企業向け安全運転講習で、ヒヤリハット経験を減らしませんか?
業務中、社用車運転中にヒヤリハット経験をしたことはありませんか? なんと約9割のドライバーがヒヤリハット経験を持っていると、あるアンケート調査で分かっています。そしてそれは重大事故の危険性をはらんでおり、企業にとっては死活問題になりえます。この記事では、ヒヤリハットの原因と対策を探っていきたいと思います。
目次
企業の社用車運用安全管理の心構え(郵便局の場合)
ヒヤリハット経験の多発を放っておくと、そのうち重大事故に至る可能性が高くなります。そしてもし、御社の社用車で交通事故が起きたら、企業のイメージダウンにもつながります。また、損害賠償などのコストは企業の存続にも影響を及ぼす場合があります。
そんなことにならないよう、企業の社用車運行管理ではどんな心構えでいたらよいのでしょうか?
郵便局の郵便配達用のバイクの例をみてみます。
現在、郵便配達用のバイクは、約8万5千台が全国を走っていると言われています。車両モデルは、長寿命で有名なホンダ・スーパーカブの郵政版です。
これほど多くの台数の安全管理をどのように行っているのでしょうか。
その秘訣は、配達前の始業前点検、日常点検にあります。
郵便局は、その昔、普通はがき1枚が届くのに5日間かかるといった状態にまでガバナンスが落ちてしまった時期があります。その後の郵政民営化につながった切っ掛けとも言えます。
民営化に向けての郵便事業の立て直しに、トヨタ自動車の指導を受けて「カイゼン」活動を行っていきました。
配達途中の事故は、職員にとっても社会にとっても困った問題に違いありません。そこで、職員たちは、自ら「始業前点検」を配達員全員で行うことを申し出て、整備不良と荷物の積み方などの点検を行うようになります。
配達員みんなが協同で声を出しての点検では、見逃しが少なくなりました。出発前にスラロームや一本線をトレースするなどして、荷物の偏りやずれなどをチェックして、思わぬハンドル操作の間違いを起こさぬように工夫していきました。
こうした始業前点検を行うことは、「心構え」を新たにする効果も絶大で、事故を少なくしていったり、「自らカイゼンする喜び」を職員に持たせたりする副産物があったのです。
しかし、現在はその時の効果と比較し「20%以下に落ちてしまっている」とトヨタの検査員は評価しています。持続することの難しさを痛感します。
トヨタの「もっといいクルマをつくろう」のキャッチフレーズが大変重いものであるのが分かります。
「事故をゼロにする」気構えで、社用車の運用安全管理は持続的に「カイゼン」を進めなければなりません。
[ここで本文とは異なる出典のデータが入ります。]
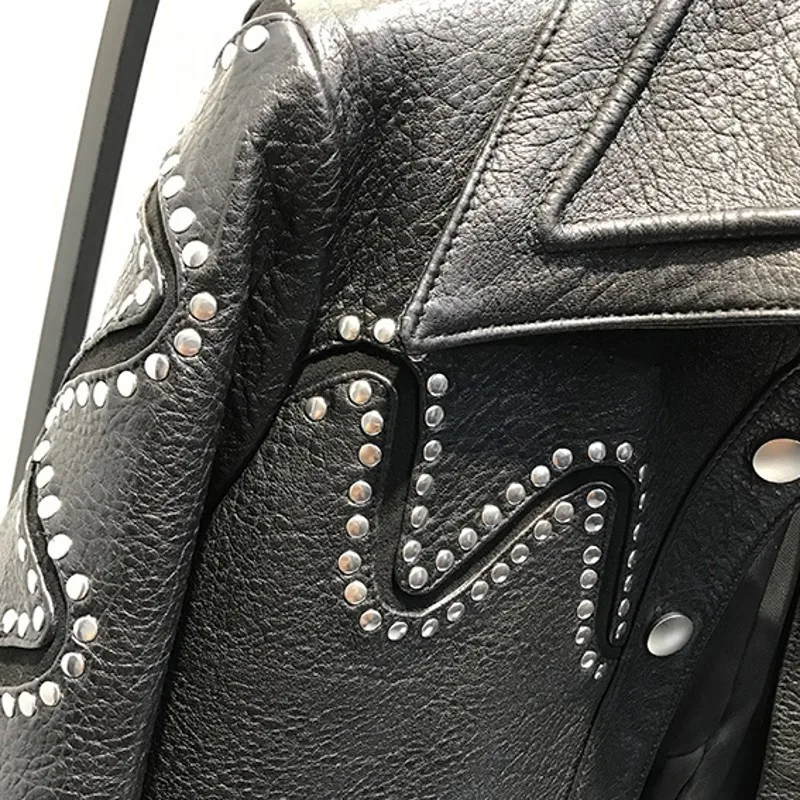 

Luxury Heavy Work Rivet Tassel Real Leather Female jackets Moto Biker Single Breasted Lapel Womens Sheepskin Solid Short Coats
まず、事故の前兆とも言える「ヒヤリハット」に注目してみましょう。
社用車の運転中、ヒヤリハット経験がある人は約90%?!
「ヒヤリハット」経験とは、仕事中や運転中に「ヒヤッとした」とか「ハッとした」など、危険!と思った経験のことです。
ある企業の調査では、社用車の運転中にこのヒヤリハット経験をした人は88%もいたということがわかっています。また、一般ドライバーの調査においても、7割ほどのドライバーがヒヤリハット経験をしたとアンケート調査で出ています。
引用:
・事故削減を実現させる車両管理実践法紹介(ビークルアシスト)
・自動車の運転支援機能のアンケート調査
一般ドライバーに比べて社用車の運転者の運転頻度は高く、ヒヤリハット経験の確率が比較すると高くなるのは当然のことでしょう。それだけ多く交通事故の危険が潜んでいるとも言えます。
つまり、「走る距離が長くなれば、事故防止の努力も増大させねば事故になる」ということです。
ヒヤリハット経験が多いのは重大事故の前兆?!
社用車を運転している日常において、ヒヤリハット経験が多いということは、重大事故が起きる前兆であるとも言えます。
それはなぜでしょうか? ハインリッヒの法則を知っている人は、もうお分かりと思います。
ハインリッヒの法則(1:29:300の法則)とは?
「ハインリッヒの法則」は、ビジネスにおける”リスクマネジメントのいろは”として重要視されているのはご存じでしょうか?
ハインリッヒの法則とは、
「1つの重大事故の背後には、29の軽微な事故があり、その背景には300の異常が存在する」
というものです。
「300の異常」がいわば「ヒヤリハット経験」であると考えると、300回のヒヤリハットがあれば、そのうち1回は重大事故の可能性があるということになります。
ですから、「ヒヤリハット経験が多く発生している=重大事故の前兆」と考えたほうが良いのです。
つまり、300回のヒヤリハットを減らしていけば、自ずと重大事故の可能性も低くなります。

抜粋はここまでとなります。